School District Rejects Homeschool Objectives Senior Counsel - TopicsExpress



          

School District Rejects Homeschool Objectives Senior Counsel Dee Black answers questions and assists members with legal issues in Pennsylvania. He and his wife homeschooled their children. Read more >> Earlier this school year, the Brandywine Heights Area School District notified a homeschooling family that the education objectives attached to the affidavit filed with the superintendent were deficient and needed revision. The school official referred the teaching parent to the Pennsylvania Core Standards (adopted from the Common Core State Standards) as a guide for developing objectives for her son’s home education program. Uncertain as how to proceed, the parent contacted Home School Legal Defense Association for guidance. Superintendents’ rejection of objectives created by parents for their children’s instruction is a fairly common legal problem encountered by HSLDA member families. Fortunately it is a problem that is easily solved, because the homeschool law expressly states that, “The required outline of proposed education objectives shall not be utilized by the superintendent in determining if the home education program is out of compliance with [the law].” But this is also a problem that can be fairly easily avoided so that parents don’t have to deal with it in the first place. It all has to do with the way the objectives are phrased. According to The American Heritage Dictionary, the noun “objective” is defined as “something worked toward or striven for; goal.” In other words, for home educators it’s learning goals for the student that the parent is trying to achieve through instruction in each of the courses.
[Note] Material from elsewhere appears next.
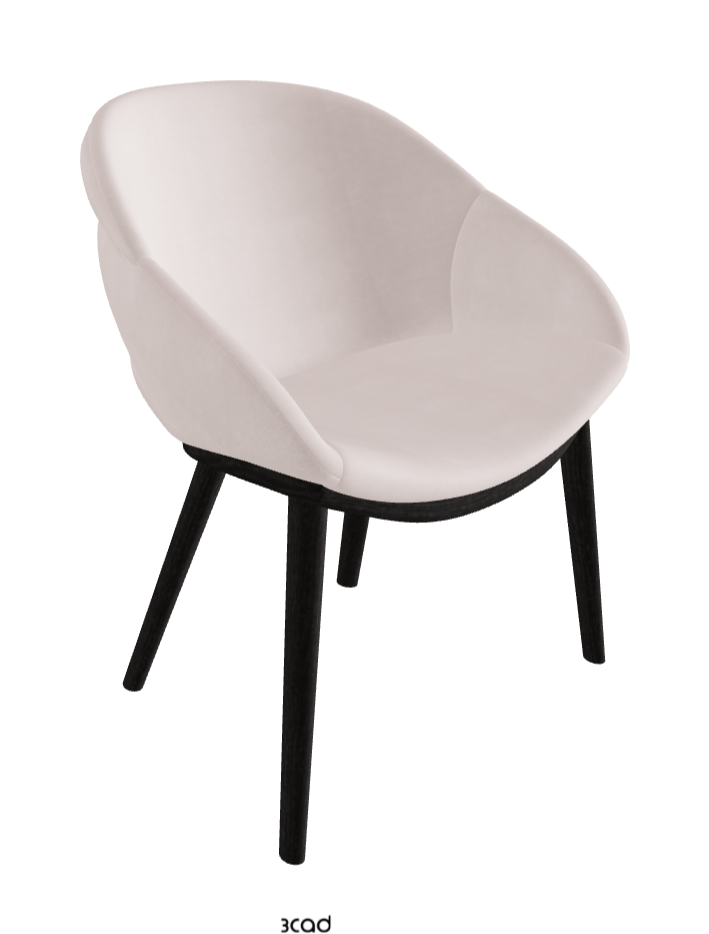 Camilla Dining Armchair_Open Pore Matt Black Ashwood_Fabric_B923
Quite often, however, the objectives submitted to superintendents are simply a description of the material that is going to be taught in each course, not a description of what the instructor hopes to achieve or expects the child to learn. In the matter involving the Brandywine Area School District, we advised our member that the Pennsylvania Core Standards were not applicable to home education programs, so there was no need for her to adapt her curriculum or teaching to these standards. We also recommended that she submit revised objectives that described the learning goals for her child in each of the required courses being taught. After doing so, she heard nothing further from the school district.